No matter how often this has happened in the past 10 years, the sinking feeling in the pit of my stomach remains the same. To see designs that you took hours of time and energy to create being traded at the click of the mouse make me feel absolutely sick inside. It makes me want to scream and cry.
I used to want to just crawl into my cave and lick my wounds and wonder why anyone would want to hurt me like that. Why couldn’t they understand that sharing a pattern electronically by making a copy of the original is stealing?
Somewhere along the line... the dragon got grumpy. Grumpy Dragons aren’t much fun to be around. They smolder and tend to want to bite people.
I stopped designing monthly samples for my web site even though it was the honest stitchers that ended up being punished.
I started speaking out and setting up blogs on sites like Multiply to have a presence out there in cyberspace and stand up for the fact that this is NOT right and this should NOT be acceptable.
I stopped sending out patterns to shops or guilds that requested them for retreats as often because I had no way of knowing that those wouldn’t end up scanned or being sold on ebay.
I started working with other designers and stitchers to find ways of reporting copyright violations as a group instead of individually so that we could close sites faster than before.
I stopped releasing as many new designs because they kept getting stolen so quickly.
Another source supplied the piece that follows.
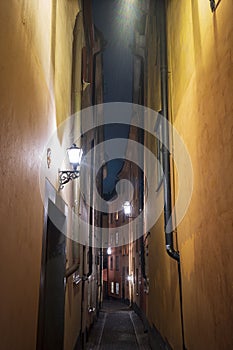 A narow alley in Gamla Stan, Stockholm, Sweden`s old town, with colorful 17th and 18th-century buildings and cobblestone streets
I started to find other sources of income and put my energy into new directions as my income from cross stitch fell to less than 50% and then less than 30% of what it had been just 5 years before.
I stopped being surprised every time I heard that an independent needlework store had to close its doors to stitchers and go out of business.
I started to realize that this problem is much bigger than just the cross stitch industry. I started to understand that if we don’t place any value on creative ideas or intellectual property as a society and remain focussed on getting things as cheaply as possible or downloading them for “free” rather than paying for them, that eventually, our world will be a far richer place to live.